Сергей Буданцев - Саранча
В тот день Крейслер сам присутствовал при раздаче пайка в темном кирпичном сарае с запахом прелой муки и мышей. Пан Вильский и двое заводских рабочих вешали хлеб, на каждой буханке ставили мелом цифру, беженцы делили сами.
На этот раз делегатов пришло больше, с ними увязались долговязые изможденные ребятишки, все они мялись у дверей, беспокойно озираясь и принюхиваясь к раздражающему хлебному духу. Старик суетливо бегал вокруг весов, приговаривая: «Нашей партии за два дни должны, за два дни. По три четверки должны, — два пуда семнадцать фунтов, да два пуда осьмнадцать с половиной». Михаил Михайлович слушал и все никак не мог собраться с силой сказать, что с завтрашнего дня будут выдавать по полфунту, а в пятницу — мусульманское воскресенье, на работу вовсе не выходить.

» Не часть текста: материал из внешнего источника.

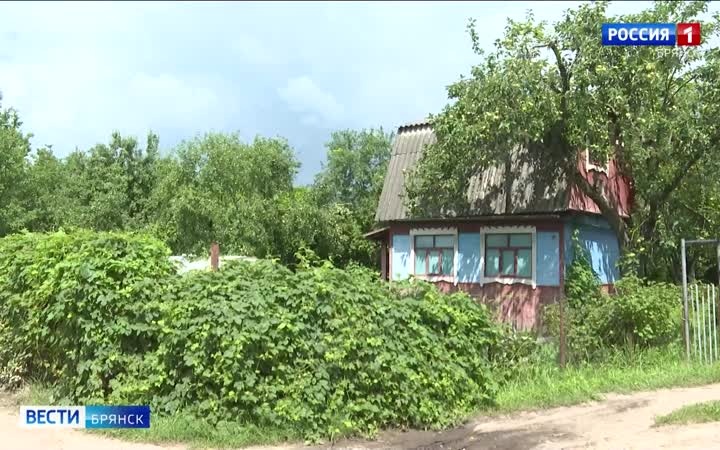 Дачные воры активизировались на Брянщине: как не стать жертвой преступников?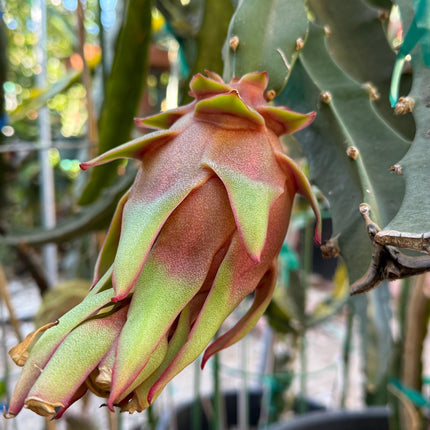 Asunta 5 Starburst Dragon Fruit live cuttings (TLM)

Маракушея оторопел, спросил как спросонья: «Чевой-то?» — потом внезапно закричал:
— Как же это так? Нешто это по закону по пролетарскому, сбавлять плату? Братцы, договорились ведь!
От крика Крейслер пожесточел, почувствовал твердую сухость в теле.
— Делать нечего, дед, это временно. У нас как военное положение.
— Да мы нешто временно выживем! Отощали.
Мужики враз засмеялись безнадежно и враждебно, вышли кучей из амбара посовещаться, старик потрусил за ними и там, у огромной трубы, висевшей через весь двор (по ней пневматически шел хлопок в очистку), загалдели. Мужики кричали, что это — «хуже быть не может, заставлять работать да не кормить!». Пятница перемежалась с матюками. По двору пробежали белоголовые ребята пана Вильского, в его окне зашевелилась занавеска, высунулось круглое лицо Марьи Ивановны, Крейслер покусывал губы, примешивая боль к соединению мучительной жалости и раздражения против бестолковых и надоедливых, но голодных и измученных оборванцев. Хлестнул чей-то выкрик: «Вон он, заведующий-то, наел рыло!» Он подскочил к дверям и с порога (голос у него со злобы оказался глухой и короткий) закричал в свою очередь:
— Вы там поменьше насчет моего рыла!
Те притихли сразу, отворачивались, урчали:
— Мы про себя. Тоже имеем право говорить!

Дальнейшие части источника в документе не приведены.